Convention unitaire ou non
Si le GDL est entré seul en lutte, c’est parce qu’en 2002 il avait rompu la communauté tarifaire avec Transnet et le GdBA (autre syndicat autonome), refusant une nouvelle détérioration des salaires et des conditions de travail et estimant que ses membres (il organise près de 80% des conducteurs de locomotive) n’étaient pas correctement défendus par la communauté. Les données suivantes lui donnent raison : retraite à 65 ans pour les conducteurs, 41 heures d’horaire hebdomadaire (contre 40h pour les autres catégories), perte de 9,77% du salaire réel en 2006. Un conducteur de 25 ans sans enfants et avec deux ans de métier gagne entre 1438 et 1588 euros nets ; entre deux services, seules neuf heures de repos sont garanties et les treize week-ends de libres garantis par an ne commencent que le samedi à 14 heures. Comme les heures d’attente et de repos entre deux services hors du domicile sont décomptées comme des congés, la semaine de travail s’étire régulièrement jusqu’à 60 heures. Et les conventions tarifaires négociées par Transnet pour les conducteurs dans l’une ou l’autre des multiples entreprises que compte la Deutsche Bahn sont souvent moins bonnes…
D’où la revendication d’autonomie de négociation avancée par le GDL et de capacité à conclure une convention spécifique contenant ses revendications propres (31% d’augmentation des salaires, réduction du temps de travail de 41 à 40 heures, réduction de la durée du service de quatorze à douze heures, week-end commençant le vendredi dès 22 heures). Lorsqu’on lui fait remarquer qu’il rompt ainsi le sacro-saint principe « une seule entreprise – une seule convention », le GDL explique que la semi-privatisation de la Deutsche Bahn – qui s’apprêtait à entrer en bourse avant le conflit – a déjà conduit à l’éclatement du conglomérat en une multitude d’entreprises publiques, privatisées ou en voie de l’être et que près de 300 sociétés s’activent dans le domaine des chemins de fer allemands avec des conditions de travail différenciées. Dans ce cadre, le maintien à tout prix d’une convention unique ne sert que la direction, qui par ce biais généralise les mauvais accords. Ainsi, en négociant directement avec l’extension allemande de CFF Cargo (SBB Cargo Deutschland), le GDL a obtenu 25% de plus que ce que Transfert obtenait dans certaines lignes régionales.

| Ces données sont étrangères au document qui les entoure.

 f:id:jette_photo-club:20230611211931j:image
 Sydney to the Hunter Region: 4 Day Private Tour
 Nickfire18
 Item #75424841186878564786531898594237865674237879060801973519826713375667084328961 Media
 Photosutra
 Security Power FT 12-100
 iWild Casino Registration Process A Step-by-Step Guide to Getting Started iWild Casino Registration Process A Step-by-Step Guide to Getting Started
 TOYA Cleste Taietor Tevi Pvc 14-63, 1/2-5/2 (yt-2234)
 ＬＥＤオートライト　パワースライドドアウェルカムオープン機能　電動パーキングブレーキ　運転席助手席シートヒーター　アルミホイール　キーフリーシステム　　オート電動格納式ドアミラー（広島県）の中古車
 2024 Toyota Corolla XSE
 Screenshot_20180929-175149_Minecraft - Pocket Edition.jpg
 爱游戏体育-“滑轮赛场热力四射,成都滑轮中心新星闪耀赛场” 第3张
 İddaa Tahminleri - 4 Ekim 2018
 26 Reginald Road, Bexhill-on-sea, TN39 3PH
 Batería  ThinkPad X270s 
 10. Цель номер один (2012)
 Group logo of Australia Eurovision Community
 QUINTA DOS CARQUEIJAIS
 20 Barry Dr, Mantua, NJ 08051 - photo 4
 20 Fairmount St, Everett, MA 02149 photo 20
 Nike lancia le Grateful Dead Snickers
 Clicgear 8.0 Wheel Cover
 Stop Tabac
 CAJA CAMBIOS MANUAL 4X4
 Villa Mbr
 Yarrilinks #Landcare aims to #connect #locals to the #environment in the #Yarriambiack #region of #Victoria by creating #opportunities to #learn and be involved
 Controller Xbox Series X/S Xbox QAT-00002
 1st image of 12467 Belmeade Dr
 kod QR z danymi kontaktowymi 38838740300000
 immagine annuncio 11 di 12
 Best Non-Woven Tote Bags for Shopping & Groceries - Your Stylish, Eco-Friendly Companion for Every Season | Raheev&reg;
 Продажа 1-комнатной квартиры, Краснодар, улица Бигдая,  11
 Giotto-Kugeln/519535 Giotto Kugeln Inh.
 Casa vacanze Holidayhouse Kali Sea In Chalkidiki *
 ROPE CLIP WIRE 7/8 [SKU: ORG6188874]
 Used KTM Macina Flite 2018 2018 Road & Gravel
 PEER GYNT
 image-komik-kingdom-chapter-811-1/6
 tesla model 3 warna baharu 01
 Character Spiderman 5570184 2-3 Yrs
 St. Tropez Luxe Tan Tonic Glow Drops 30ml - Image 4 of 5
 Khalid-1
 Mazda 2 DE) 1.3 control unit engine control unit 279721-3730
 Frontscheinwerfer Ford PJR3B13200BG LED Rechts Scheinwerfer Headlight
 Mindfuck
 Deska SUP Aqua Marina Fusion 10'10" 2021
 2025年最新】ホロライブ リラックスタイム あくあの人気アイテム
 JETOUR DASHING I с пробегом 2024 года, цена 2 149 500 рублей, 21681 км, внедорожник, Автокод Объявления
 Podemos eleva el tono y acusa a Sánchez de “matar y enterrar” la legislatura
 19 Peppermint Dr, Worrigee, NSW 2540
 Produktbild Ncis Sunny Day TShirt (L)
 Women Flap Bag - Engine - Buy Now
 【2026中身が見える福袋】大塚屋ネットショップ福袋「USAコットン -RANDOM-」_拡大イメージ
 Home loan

Il y aura donc beaucoup d’enseignements à tirer de la lutte des conducteurs de locomotive allemands en matière de stratégie syndicale face à la privatisation des chemins de fer au niveau européen. Il y aura aussi à être attentif à ce que cette lutte exprime : un renouveau de la combativité dans certaines organisations catégorielles en parallèle à celui de la gauche des grandes fédérations syndicales. Un renouveau chiffré : entre 1996 et 2005, il y a eu en Allemagne 2,4 jours de grève par an pour mille salariés. Ce chiffre est passé à 12,4 en 2006. Et déjà les tramelots suivent avec intérêt la lutte des conducteurs de locomotive, forçant le grand syndicat de la fonction publique, Ver.di à hausser le ton.